Exercise aim
After locating the line with "a bedroom with" below, output it and each following line exactly, stopping after the line with "Glossy, light-colored epoxy". No pictures.

Material for this exercise
——

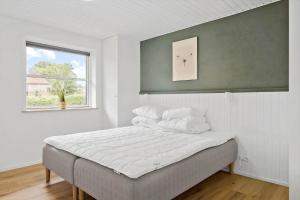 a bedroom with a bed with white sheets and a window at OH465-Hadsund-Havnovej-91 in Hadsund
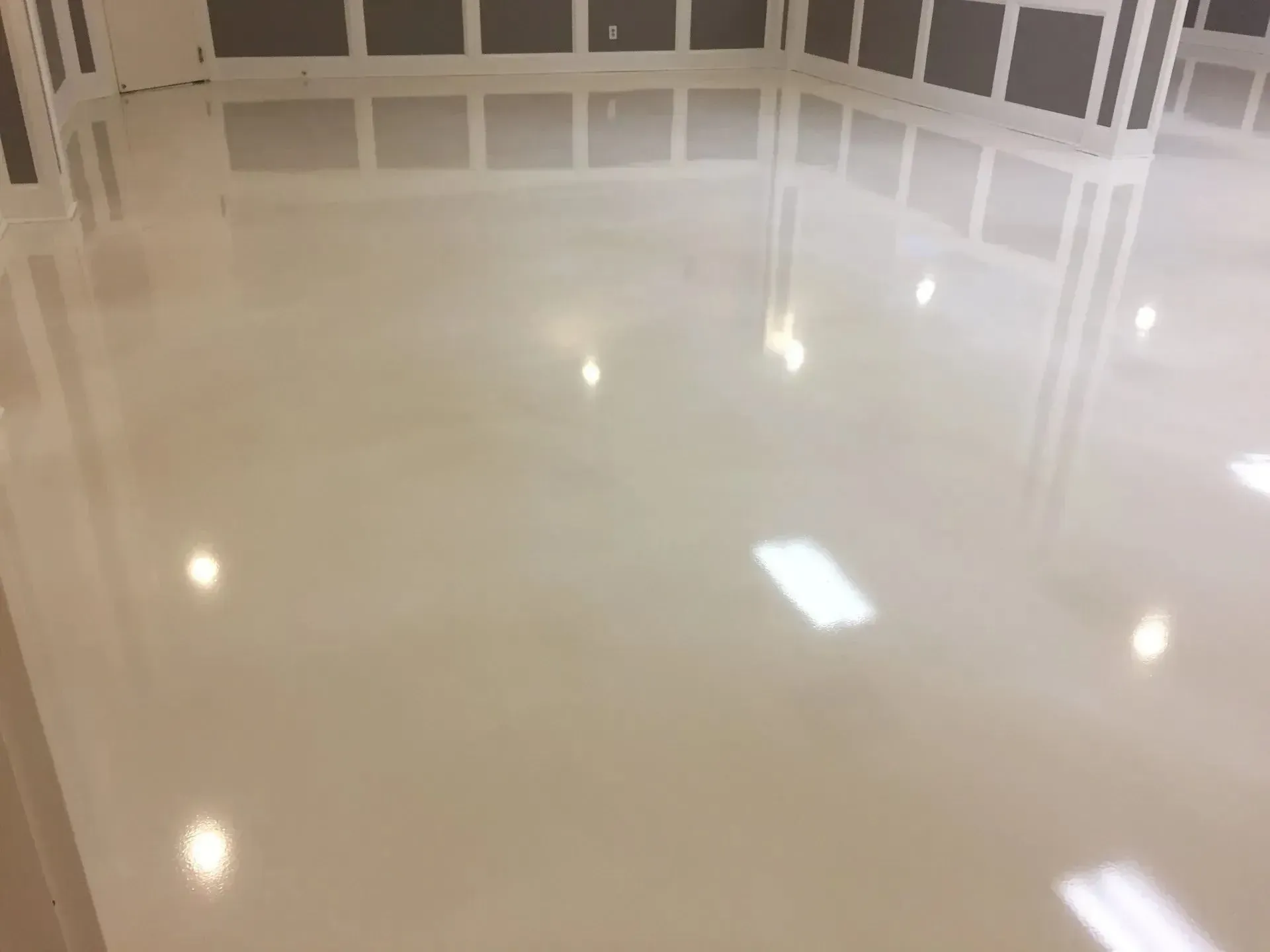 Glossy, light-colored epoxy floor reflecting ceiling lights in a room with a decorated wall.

——

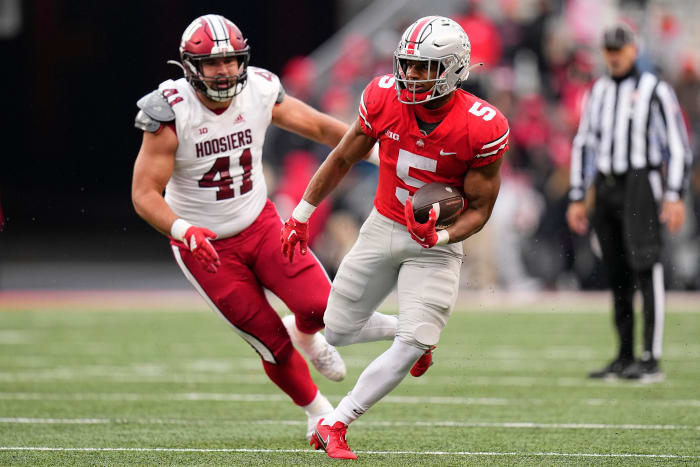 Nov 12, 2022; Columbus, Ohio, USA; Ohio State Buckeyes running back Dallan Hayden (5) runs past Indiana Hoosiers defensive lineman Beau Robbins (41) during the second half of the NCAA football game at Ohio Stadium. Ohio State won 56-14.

——

Written response
 a bedroom with a bed with white sheets and a window at OH465-Hadsund-Havnovej-91 in Hadsund
 Glossy, light-colored epoxy floor reflecting ceiling lights in a room with a decorated wall.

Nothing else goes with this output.